Feature request: Expose an endpoint that returns the sql query generated instead of the result of the query

viiicky commented 4 years ago

Environment

PostgreSQL version: PostgreSQL 9.5.10
PostgREST version: postgrest/postgrest:v6.0.2

Feature request

We use the above-mentioned postgrest docker image with no problems.

Now, we need to write a new web service. We have decided not to use PostgREST in this new service because most of the SQL generated by this service will be of complex nature, including lots of CTEs, group-bys, aggregate functions etc. We, however, wish to keep the API contract of this service similar to that of PostgREST.

We are thinking to reuse the "filters" part of the SQL generated by PostgREST somehow. That way, we can keep the contract for query params of APIs of this new service same as PostgREST. Thus, if PostgREST exposes an endpoint, where I can make a request with these query params and get the SQL generated, I can build my complex SQL on top of this SQL without worrying about the "where" part of the SQL.

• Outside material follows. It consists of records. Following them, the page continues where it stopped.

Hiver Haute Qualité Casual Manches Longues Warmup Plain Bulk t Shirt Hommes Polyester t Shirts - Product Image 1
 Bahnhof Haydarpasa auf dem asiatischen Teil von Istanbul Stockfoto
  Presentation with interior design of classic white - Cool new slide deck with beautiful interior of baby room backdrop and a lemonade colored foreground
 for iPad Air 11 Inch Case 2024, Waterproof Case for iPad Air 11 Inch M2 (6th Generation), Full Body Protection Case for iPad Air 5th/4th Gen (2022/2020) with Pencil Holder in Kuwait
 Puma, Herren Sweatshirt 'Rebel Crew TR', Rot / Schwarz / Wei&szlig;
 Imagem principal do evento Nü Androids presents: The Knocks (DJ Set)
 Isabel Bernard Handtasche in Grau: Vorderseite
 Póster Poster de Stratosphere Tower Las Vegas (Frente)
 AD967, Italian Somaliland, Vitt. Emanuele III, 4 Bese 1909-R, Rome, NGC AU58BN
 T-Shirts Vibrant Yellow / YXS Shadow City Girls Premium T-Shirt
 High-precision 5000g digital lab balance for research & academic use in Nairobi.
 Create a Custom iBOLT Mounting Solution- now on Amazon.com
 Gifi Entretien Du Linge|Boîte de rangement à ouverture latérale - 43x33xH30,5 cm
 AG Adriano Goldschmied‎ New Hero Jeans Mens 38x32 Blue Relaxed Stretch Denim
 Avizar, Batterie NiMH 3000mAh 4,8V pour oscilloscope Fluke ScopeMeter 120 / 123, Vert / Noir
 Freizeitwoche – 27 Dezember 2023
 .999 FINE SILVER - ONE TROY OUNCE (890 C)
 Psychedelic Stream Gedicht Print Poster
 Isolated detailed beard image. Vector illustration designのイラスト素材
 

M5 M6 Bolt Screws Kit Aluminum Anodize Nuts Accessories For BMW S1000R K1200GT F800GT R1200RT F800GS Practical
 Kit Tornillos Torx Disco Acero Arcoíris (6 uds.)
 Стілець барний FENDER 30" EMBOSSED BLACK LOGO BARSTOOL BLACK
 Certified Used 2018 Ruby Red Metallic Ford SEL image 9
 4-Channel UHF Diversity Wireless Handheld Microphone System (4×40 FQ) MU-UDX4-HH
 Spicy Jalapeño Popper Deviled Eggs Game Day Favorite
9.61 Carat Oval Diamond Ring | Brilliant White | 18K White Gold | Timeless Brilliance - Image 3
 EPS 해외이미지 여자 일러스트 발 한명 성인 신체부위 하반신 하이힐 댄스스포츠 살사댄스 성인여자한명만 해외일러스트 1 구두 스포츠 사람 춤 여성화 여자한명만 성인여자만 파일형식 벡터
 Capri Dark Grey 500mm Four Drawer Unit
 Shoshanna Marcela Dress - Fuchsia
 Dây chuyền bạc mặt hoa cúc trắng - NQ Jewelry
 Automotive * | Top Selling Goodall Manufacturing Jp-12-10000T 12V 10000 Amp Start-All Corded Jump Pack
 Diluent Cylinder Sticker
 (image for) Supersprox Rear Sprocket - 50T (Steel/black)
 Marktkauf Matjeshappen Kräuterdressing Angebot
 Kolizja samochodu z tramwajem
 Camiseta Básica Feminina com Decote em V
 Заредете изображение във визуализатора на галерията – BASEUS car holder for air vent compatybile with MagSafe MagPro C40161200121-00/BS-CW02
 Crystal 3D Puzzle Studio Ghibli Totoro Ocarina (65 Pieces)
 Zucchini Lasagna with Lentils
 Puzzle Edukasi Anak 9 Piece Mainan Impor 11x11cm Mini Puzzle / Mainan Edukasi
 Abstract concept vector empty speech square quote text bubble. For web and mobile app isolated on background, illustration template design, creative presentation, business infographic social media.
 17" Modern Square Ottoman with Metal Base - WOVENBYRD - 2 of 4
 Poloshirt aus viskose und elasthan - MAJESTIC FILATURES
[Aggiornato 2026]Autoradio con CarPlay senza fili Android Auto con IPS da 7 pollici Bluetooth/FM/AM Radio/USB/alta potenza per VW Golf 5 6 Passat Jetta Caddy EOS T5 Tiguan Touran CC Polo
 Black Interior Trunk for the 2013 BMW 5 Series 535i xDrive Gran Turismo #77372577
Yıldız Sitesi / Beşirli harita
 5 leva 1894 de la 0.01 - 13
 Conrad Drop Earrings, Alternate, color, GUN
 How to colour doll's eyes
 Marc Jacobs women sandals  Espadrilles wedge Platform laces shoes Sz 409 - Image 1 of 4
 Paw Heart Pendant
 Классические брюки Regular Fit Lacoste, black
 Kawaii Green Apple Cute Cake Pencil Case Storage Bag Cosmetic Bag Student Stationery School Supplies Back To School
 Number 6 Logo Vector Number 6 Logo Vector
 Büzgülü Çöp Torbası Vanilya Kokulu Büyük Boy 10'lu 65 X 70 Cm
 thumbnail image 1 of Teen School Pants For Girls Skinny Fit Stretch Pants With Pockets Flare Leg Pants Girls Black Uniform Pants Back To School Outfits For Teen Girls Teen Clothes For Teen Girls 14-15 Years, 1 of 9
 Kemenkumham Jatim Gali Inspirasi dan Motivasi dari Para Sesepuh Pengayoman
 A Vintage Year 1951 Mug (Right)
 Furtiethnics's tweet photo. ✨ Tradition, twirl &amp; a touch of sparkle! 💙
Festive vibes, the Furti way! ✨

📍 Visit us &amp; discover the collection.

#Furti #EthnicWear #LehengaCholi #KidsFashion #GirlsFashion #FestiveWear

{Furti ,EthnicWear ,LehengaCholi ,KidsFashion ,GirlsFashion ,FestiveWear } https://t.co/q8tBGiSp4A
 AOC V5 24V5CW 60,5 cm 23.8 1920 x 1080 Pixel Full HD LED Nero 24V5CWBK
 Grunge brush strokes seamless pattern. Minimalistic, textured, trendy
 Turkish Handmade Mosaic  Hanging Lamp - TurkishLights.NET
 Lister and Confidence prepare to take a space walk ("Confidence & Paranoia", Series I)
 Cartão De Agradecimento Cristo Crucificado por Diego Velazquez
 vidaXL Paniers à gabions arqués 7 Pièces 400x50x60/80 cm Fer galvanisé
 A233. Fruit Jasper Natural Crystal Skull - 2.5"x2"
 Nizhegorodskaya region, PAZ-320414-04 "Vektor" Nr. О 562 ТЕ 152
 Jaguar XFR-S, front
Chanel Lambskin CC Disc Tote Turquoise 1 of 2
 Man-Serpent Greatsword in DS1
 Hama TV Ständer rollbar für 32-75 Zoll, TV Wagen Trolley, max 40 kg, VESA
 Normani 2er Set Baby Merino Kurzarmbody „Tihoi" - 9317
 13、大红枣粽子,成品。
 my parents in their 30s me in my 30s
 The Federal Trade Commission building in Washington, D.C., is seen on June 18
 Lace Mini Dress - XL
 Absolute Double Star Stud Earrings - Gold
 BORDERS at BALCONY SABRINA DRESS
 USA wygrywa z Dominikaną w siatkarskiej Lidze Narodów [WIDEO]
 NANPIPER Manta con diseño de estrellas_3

For example, below request to PostgREST: GET /query/people?amount=gte.1000&bill=eq.true&date=gte.2020-06-30T18:30:00.000Z&state=in.(DONE)&everified=eq.true&limit=10&offset=0&or=(status.ilike.*ACTIVE*)&total_amount=gte.2000 HTTP/1.1 should return: select * from people where amount >= 1000 and bill is true and date >= '2020-06-30T18:30:00.000Z' and state in ('DONE') and verified is true and (status ilike '%ACTIVE%') and total_amount >= 2000 offset 0 limit 10

I am going to go through the code, and based on my findings, will put my suggestions here on how to go about it. Right now struggling to setup Haskell dev setup - never worked on it.

Any directions on which part of the code I should be looking at would be helpful. Thanks.

wolfgangwalther commented 4 years ago

I'm not sure whether your approach is really the best way to go about this, but personally I would love to have this for debugging purposes. If I could easily have the query returned instead of executed, that might help development a lot. One way to do this would be, by just making the same request with a different Accept header. So instead of Accept: application/json, you could do something like Accept: application/sql and get the query-to-be-run.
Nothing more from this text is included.